• [Description of the task]: Every line from the beginning of the data through the line containing "Hühnerspielzeug für Stall, Hühneranreicherungsspielzeug" should be reproduced exactly, and no further lines should be output.

• [Record set]:
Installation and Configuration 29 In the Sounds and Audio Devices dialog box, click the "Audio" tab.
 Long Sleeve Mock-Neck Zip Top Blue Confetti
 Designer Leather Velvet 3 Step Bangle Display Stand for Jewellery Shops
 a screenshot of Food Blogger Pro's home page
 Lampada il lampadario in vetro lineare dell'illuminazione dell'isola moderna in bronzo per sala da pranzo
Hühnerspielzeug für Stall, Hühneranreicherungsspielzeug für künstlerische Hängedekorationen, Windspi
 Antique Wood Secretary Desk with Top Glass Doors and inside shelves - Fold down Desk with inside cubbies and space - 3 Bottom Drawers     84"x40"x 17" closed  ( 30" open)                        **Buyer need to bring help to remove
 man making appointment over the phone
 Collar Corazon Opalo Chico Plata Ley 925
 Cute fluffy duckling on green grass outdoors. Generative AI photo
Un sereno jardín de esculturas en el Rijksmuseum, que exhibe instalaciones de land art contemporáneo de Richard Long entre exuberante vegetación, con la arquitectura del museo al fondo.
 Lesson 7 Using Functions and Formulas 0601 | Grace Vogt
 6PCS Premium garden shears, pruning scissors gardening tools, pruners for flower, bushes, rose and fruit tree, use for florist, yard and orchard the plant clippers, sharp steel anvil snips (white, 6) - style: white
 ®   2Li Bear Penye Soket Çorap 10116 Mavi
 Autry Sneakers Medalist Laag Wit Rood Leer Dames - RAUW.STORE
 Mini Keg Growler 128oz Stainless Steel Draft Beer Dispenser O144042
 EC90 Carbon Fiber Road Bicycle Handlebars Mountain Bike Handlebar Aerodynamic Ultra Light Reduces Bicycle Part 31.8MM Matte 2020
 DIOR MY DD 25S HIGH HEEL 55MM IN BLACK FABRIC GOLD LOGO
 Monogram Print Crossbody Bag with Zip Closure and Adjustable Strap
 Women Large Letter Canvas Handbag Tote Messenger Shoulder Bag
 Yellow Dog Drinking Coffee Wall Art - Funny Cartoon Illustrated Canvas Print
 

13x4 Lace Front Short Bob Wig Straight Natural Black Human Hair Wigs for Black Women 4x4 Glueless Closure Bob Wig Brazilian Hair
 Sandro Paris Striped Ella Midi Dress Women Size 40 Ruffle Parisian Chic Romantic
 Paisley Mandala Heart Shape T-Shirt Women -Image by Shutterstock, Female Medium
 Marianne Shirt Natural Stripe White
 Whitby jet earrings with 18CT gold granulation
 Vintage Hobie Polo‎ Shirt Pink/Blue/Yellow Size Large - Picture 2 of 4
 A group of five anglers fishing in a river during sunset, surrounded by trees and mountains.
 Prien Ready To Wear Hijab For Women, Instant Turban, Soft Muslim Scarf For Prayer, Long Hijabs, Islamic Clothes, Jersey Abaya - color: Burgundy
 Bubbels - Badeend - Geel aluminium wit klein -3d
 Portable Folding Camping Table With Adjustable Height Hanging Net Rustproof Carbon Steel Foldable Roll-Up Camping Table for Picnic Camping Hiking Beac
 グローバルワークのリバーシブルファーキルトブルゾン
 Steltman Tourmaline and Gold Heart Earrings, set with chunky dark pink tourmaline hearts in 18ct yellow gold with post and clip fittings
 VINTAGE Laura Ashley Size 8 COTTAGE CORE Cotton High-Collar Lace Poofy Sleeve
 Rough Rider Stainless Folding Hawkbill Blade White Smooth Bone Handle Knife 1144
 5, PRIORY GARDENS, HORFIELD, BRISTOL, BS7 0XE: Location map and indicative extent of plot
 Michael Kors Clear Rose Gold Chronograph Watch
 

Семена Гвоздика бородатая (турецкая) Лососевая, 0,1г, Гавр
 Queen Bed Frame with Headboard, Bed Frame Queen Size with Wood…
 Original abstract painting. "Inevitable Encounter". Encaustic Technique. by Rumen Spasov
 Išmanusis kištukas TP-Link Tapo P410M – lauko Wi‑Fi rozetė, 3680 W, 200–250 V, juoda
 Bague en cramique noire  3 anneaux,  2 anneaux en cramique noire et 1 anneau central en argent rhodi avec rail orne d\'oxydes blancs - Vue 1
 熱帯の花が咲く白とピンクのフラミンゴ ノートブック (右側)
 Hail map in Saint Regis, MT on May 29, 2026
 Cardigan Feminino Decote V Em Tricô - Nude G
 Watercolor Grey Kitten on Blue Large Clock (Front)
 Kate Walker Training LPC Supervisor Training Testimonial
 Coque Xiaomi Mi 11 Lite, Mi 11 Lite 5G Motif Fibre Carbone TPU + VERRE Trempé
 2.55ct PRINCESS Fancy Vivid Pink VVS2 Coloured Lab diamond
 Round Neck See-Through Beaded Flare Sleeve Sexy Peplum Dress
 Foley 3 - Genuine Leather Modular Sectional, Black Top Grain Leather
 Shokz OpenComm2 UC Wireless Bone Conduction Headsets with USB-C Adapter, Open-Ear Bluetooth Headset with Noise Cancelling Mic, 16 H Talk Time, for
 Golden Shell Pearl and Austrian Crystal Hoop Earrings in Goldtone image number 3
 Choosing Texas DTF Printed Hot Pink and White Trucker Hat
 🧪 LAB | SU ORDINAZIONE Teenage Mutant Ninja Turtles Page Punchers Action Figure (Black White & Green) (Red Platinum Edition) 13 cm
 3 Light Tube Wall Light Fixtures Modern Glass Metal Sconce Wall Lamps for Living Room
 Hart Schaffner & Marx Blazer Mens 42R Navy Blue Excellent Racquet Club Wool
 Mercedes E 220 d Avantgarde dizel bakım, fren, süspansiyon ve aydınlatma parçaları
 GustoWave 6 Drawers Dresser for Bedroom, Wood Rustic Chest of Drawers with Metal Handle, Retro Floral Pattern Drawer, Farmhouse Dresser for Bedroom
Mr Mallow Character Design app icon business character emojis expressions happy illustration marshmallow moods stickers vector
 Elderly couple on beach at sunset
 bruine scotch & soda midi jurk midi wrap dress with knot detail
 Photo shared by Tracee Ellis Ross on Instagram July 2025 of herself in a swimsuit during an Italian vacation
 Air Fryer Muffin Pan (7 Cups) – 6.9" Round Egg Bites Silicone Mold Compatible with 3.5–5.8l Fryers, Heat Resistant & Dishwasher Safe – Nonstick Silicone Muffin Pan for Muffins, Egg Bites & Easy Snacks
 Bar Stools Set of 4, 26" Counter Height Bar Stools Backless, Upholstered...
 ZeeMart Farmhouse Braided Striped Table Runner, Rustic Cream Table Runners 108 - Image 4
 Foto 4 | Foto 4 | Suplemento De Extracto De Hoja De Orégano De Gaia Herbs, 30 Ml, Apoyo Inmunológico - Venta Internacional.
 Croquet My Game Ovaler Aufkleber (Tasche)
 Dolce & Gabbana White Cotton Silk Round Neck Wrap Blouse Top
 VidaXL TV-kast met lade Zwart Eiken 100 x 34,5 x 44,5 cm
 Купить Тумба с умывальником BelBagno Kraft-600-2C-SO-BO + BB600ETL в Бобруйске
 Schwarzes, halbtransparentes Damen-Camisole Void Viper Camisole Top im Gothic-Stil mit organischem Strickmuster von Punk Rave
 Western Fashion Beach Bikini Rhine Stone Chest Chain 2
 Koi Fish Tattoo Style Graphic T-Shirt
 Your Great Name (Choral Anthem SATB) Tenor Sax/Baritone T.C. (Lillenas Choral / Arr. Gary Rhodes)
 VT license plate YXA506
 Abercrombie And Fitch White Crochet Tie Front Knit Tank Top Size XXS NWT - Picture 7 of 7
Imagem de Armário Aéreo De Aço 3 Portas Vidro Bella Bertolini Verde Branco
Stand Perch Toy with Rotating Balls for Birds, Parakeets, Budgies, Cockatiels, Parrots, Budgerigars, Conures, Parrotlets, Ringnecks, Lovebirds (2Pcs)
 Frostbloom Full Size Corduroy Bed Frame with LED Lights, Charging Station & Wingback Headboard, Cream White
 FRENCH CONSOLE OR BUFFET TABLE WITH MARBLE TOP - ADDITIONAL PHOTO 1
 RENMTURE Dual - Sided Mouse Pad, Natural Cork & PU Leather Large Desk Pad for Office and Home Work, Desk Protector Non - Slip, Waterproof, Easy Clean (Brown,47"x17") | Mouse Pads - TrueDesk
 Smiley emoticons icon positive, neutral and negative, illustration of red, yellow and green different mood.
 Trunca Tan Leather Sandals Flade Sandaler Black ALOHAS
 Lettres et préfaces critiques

• [Written response]:
Installation and Configuration 29 In the Sounds and Audio Devices dialog box, click the "Audio" tab.
 Long Sleeve Mock-Neck Zip Top Blue Confetti
 Designer Leather Velvet 3 Step Bangle Display Stand for Jewellery Shops
 a screenshot of Food Blogger Pro's home page
 Lampada il lampadario in vetro lineare dell'illuminazione dell'isola moderna in bronzo per sala da pranzo
Hühnerspielzeug für Stall, Hühneranreicherungsspielzeug für künstlerische Hängedekorationen, Windspi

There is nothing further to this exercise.